Stop placement and risk is the next thing you need to think about after finding a high probability trade setup. This is where position sizing comes in; you need to find the safest place for your stop loss so that it gives the trade the best chance of working out, after you determine this level you must then calculate the correct position size, or number of lots you will trade so that your previously pre-defined risk amount is not increased or decreased. Many traders do not do this correctly however; they either put too small of a stop loss on the trade because they want to increase the number of lots they are trading out of greed, or they put a really large stop loss on the trade and do not adjust down their position size to maintain their risk; effectively, they dangerously increase their risk by doing either of these.
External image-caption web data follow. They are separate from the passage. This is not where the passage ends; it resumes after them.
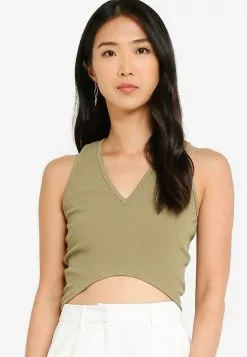 ZALORA BASICS Curve Hem Sleeveless Crop Top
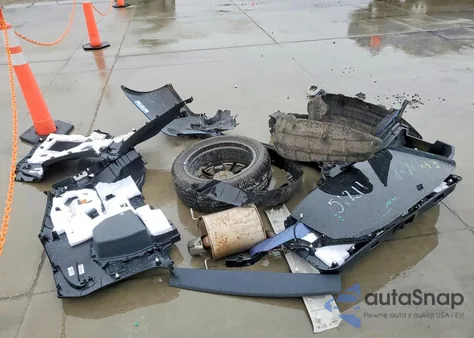 2020 Subaru Ascent Limited z USA, uszkodzony, nr VIN 4S4WMAMD6L3444001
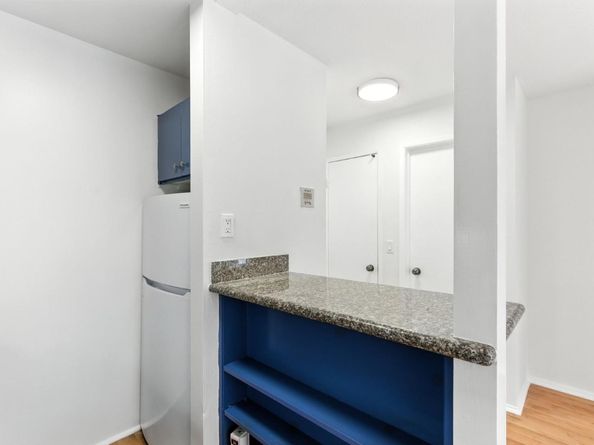 8 Admiral Drive 239, Emeryville CA 94608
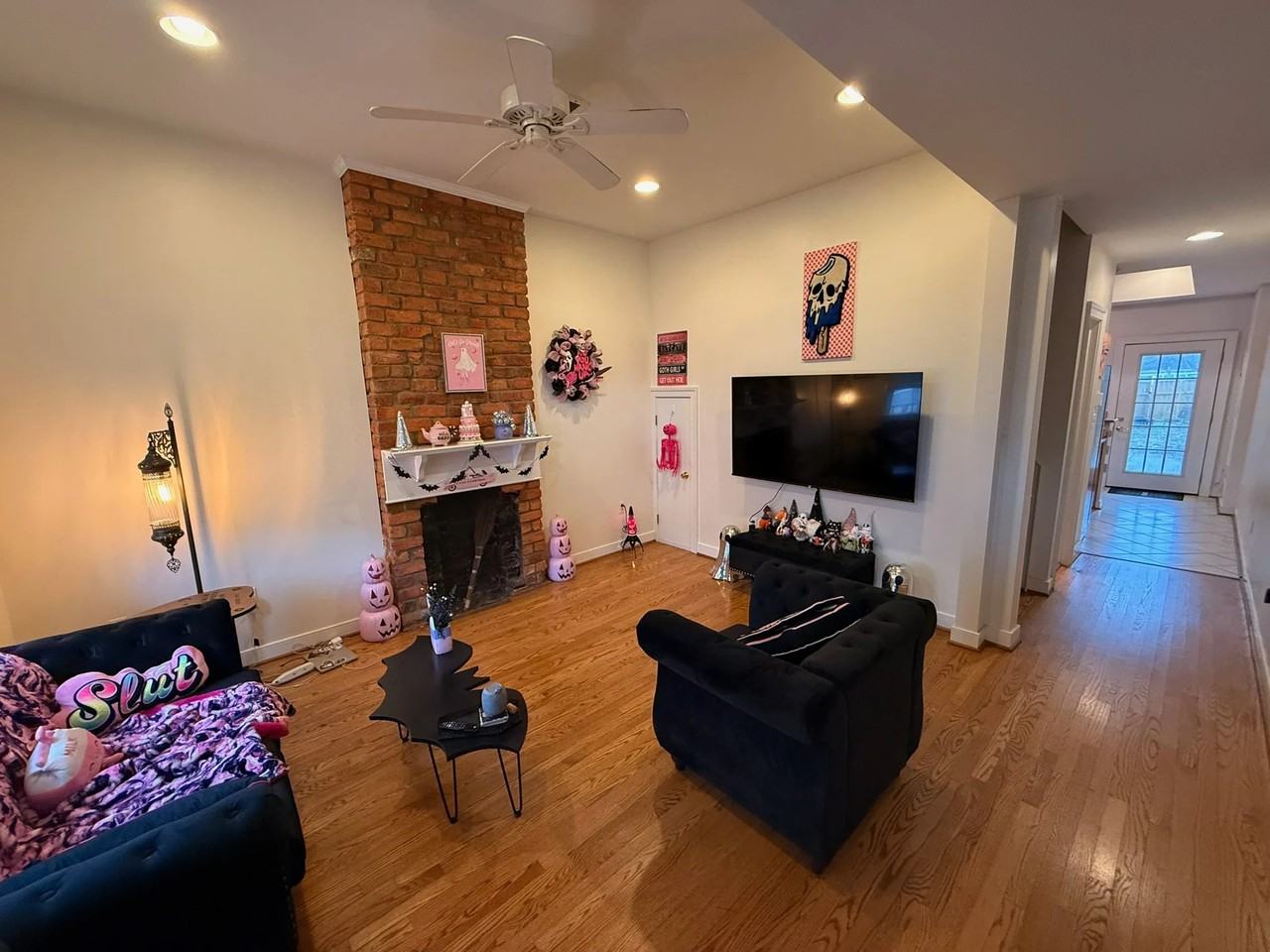 1513 W Cary St - Photo 3 of 13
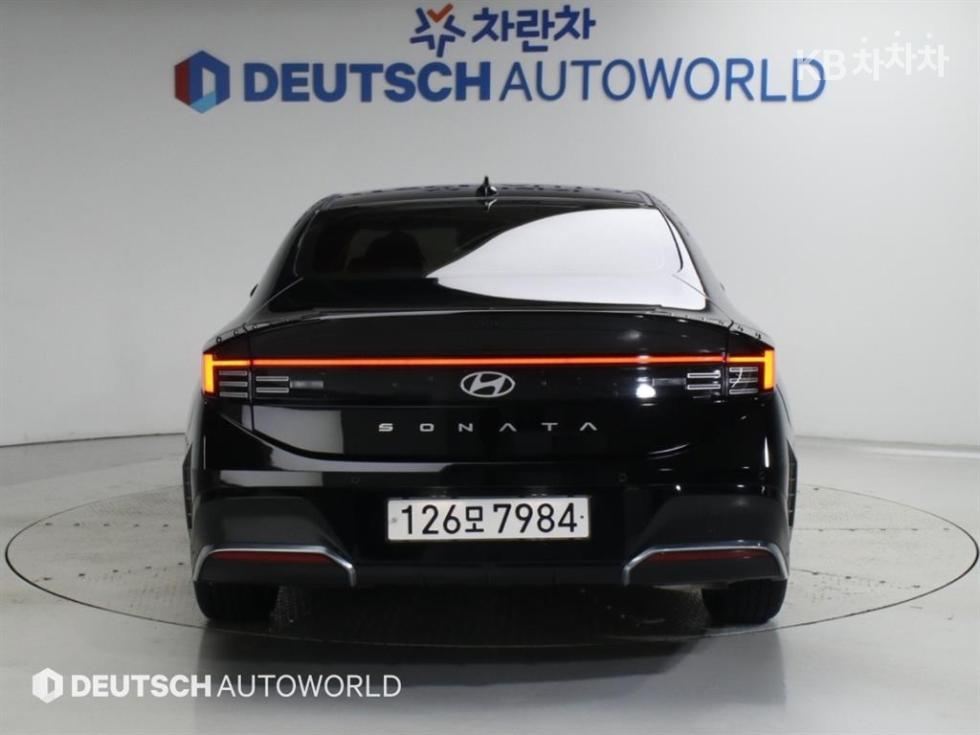 Hyundai Sonata Premium — фото 4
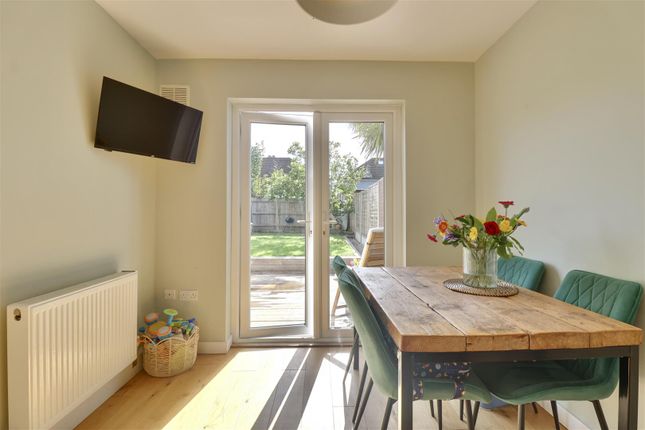 Brewers Lane, Gosport photo 4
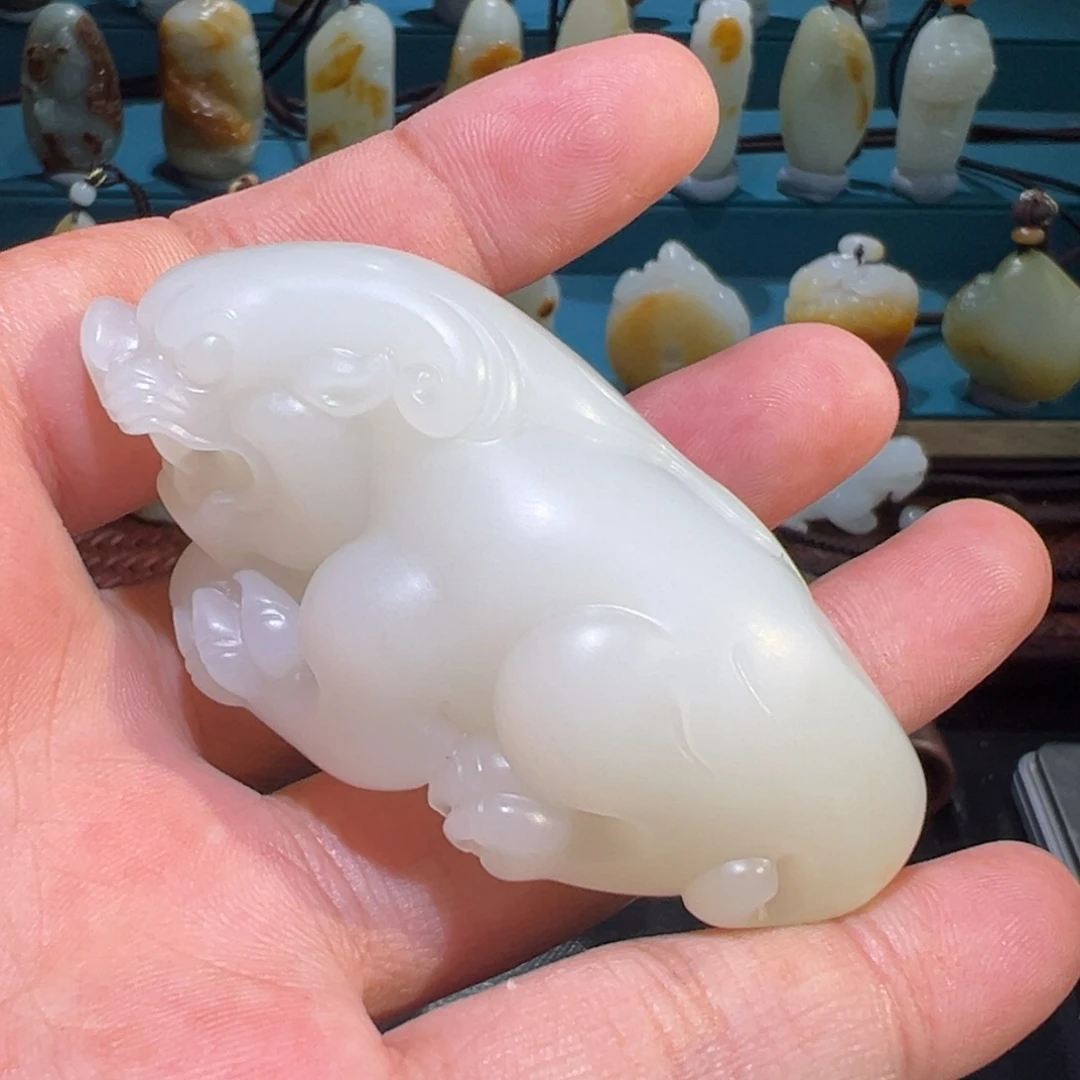 岁***，和田玉（子料）未镶嵌颈饰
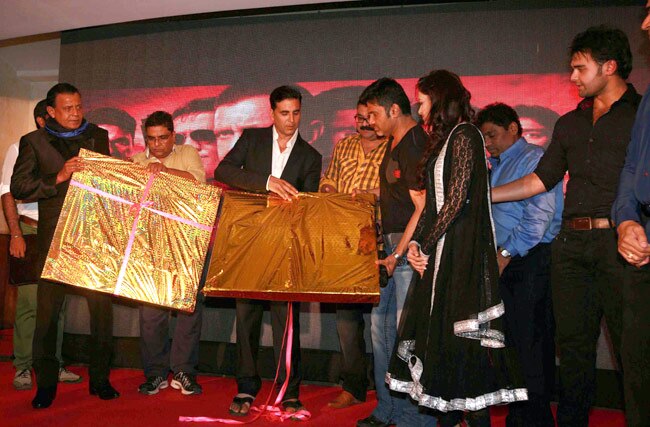 'एनिमी'  के म्यूजिक लांच पर उमड़े सितारे  | बॉलीवुड 2013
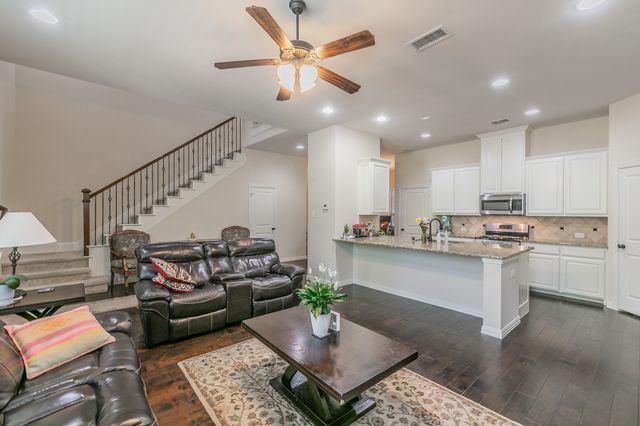 3922 Canton Jade Way, Arlington, TX 76005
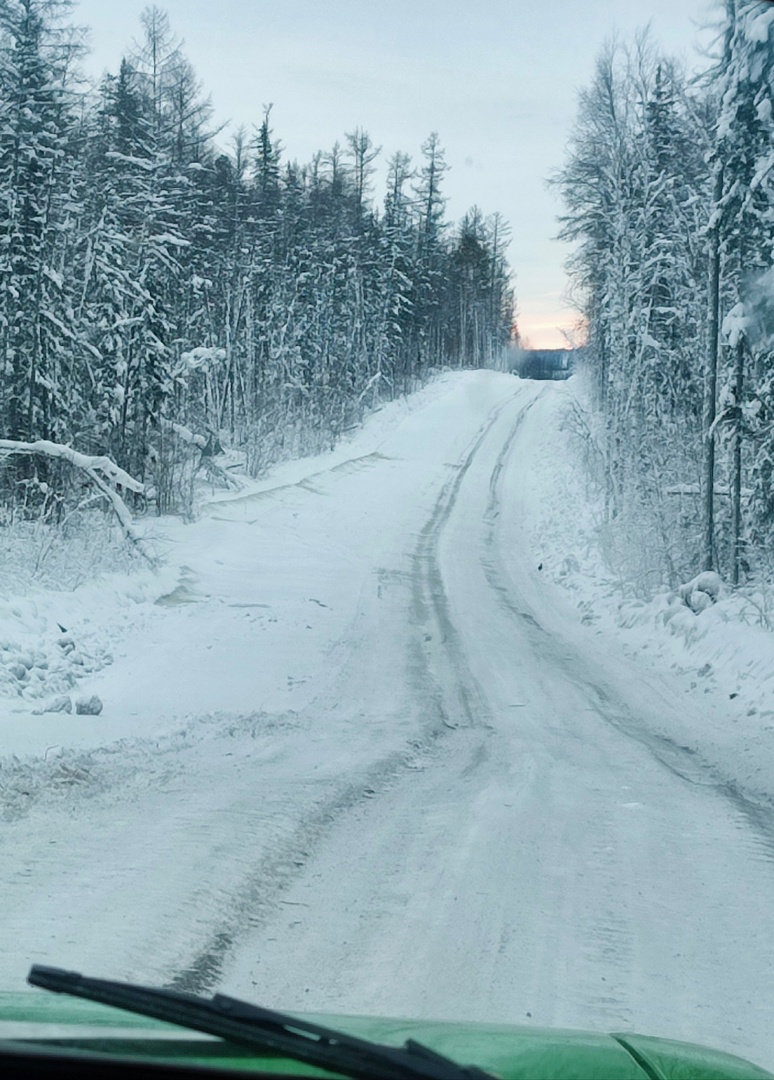 Все еще смотрите на советские авто со снисхождением? А команда из четырех человек доехала на «москвиче» 1981 года до севера Якутии! Наталья Шиповская из Александрова приняла участие в экстрим-вояже. О поломках на диком морозе и впечатляющих местах она рассказала нашему изданию.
Forex trading is a test of self-discipline and controlling one’s impulses of fear and greed, the degree to which you correctly implement position sizing and risk management will be the degree to which you correctly manage your emotions and achieve your goals in the market.
Learn to take profits at logical intervals as they are available
After you have defined your risk on a trade and correctly implemented position sizing, you can then think about reward and where to take it. Many traders mess this up by hoping for some ridiculously big profit target that is 1,000 pips away and that will take months to get hit, if it gets hit at all. The bottom line is that most new Forex traders are starting with relatively small sums of money in their accounts and so it is critical that they begin building their accounts up by taking smaller profits as they present themselves, instead of holding out for that big winner that is a lot less likely to come. There is simply nothing wrong with taking a reward that is 2 times your risk on any trade, or even 1.5 times your risk.
If you take 1:2 risk reward trades, you can lose on over half of your trades and still make money, if you take 1:3 or 1:4 rewards you can win on far less than 50% of your trades and still make money. Many traders fail to take profits at logical intervals like this and as a result they never make any money. If a trade keeps going in your favor after you take a 1:2 winner, there really is no reason to care. You made money on the trade and you at least doubled your risk, this is all that should matter because there will always be tomorrow and there will always be excellent opportunities in the Forex market. This is where patience comes in like we mentioned earlier; you can’t feel rushed to make a ton of money in the market if you are starting with a relatively small trading account. Don’t let greed or fear influence your exit strategy by predefining your reward target at reasonable and logical multiples of your risk.